Si el lector se convierte en ejecutante, lo hace en todo caso para colocarse frente a la obra; para ser testigo. La obra le toma por testigo porque, así como el hombre quiere ser reconocido por el hombre en la célebre dialéctica hegeliana, también la obra tiene necesidad del hombre para ser reconocida como objeto estético. Contra todo subjetivismo, hay que decir que el hombre no aporta nada a la obra sino su consagración; Y ya veremos, al estudiar la actitud estética, que sin renunciar a ser el mismo, debe mantener ante la obra la actitud imparcial y lúcida del testigo; lo que implica asimismo la inteligencia particular de un testigo, ya que es con la inteligencia con lo que registra los hechos, es «cómplice» antes que juez.

¿Cómo son posibles esta concordancia, esta «forma» que el espectador compone con la obra? ¿Cómo se halla a la vez el espectador fuera y dentro, y esto tanto en relación a lo sensible como al sentido? Aquí conviene esbozar el análisis de la presencia del objeto percibido.14 Parece, especialmente en las artes plásticas, que el testigo se asemeje a un aparato registrador que la obra, organizando su propia toma de vista, coloque o desplace en ciertos puntos del espacio: el cuadro está hecho para ser visto desde una cierta distancia, desde un determinado punto de vista, con el fin de poderse organizar bajo la mirada, de que el dibujo se precise, que los colores se compongan y se animen, que la obra tome su relieve sugiriéndolo, con lo que el objeto representado aparece con más evidencia. Esto es particularmente cierto de aquellas obras compuestas de acuerdo con la perspectiva denominada clásica, perspectiva centrada y estática que fija al espectador en su centro que es, desde luego, el único punto de vista.

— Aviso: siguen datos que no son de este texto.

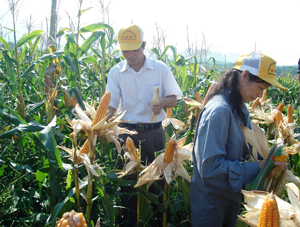 Xã Thanh Nông (Lạc Thủy) đưa các giống ngô lai năng suất chất lượng cao vào gieo trồng đem lại thu nhập cao cho nông dân.


Pero también es verdad para todas las obras que rechazan esta perspectiva de mil maneras: restaurando, como dice Lapicque,15 un dinamismo pictórico, no obligan a que el cuerpo del espectador se desplace para recomponer las apariencias; si el movimiento que la obra nos impone es un movimiento espiritual, como continúa diciendo Lapicque, «es necesario atribuir al rechazo de tal movimiento las opiniones según las cuales una compotera de Cézanne estaría dibujada de través». Siempre existe un cierto punto de vista según el cual las apariencias, incluso aunque no sea para prestar significación a la obra, se organizan mejor y los colores son más expresivos. Lo mismo sucede con la escultura, en la que, como afirma Conrad, existen «perspectivas privilegiadas», que han sido determinadas por el escultor. Y el monumento dirige al visitante según su propia lógica arquitectónica, de manera que en cada momento está enteramente presente ante él y sin embargo siempre es inagotable. Este carácter inagotable se hace patente en igual medida al espectador inmóvil de la ópera o del ballet, que ha elegido su lugar en función de su monedero más que en función de la obra, que al espectador del cuadro que se halla prácticamente inmovilizado, clavado en el suelo por la perspectiva. Esto nos sirve de advertencia.